> [Exercise prompt]: Go through the data and copy every line exactly, but not the images.

> [Supplied data]:
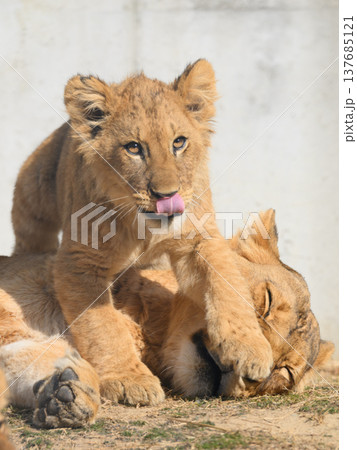 寝ている母を跨ぐライオンの子 137685121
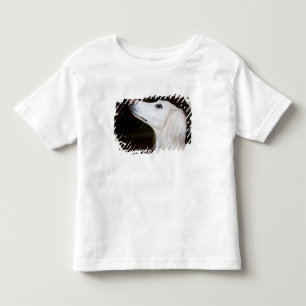 Saluki, das oben schaut kleinkind t-shirt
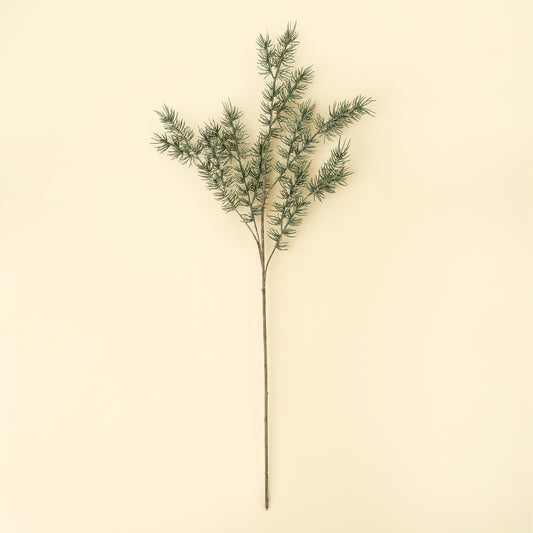 Cypress Sprig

> [Completed task]:
 寝ている母を跨ぐライオンの子 137685121
 Saluki, das oben schaut kleinkind t-shirt
 Cypress Sprig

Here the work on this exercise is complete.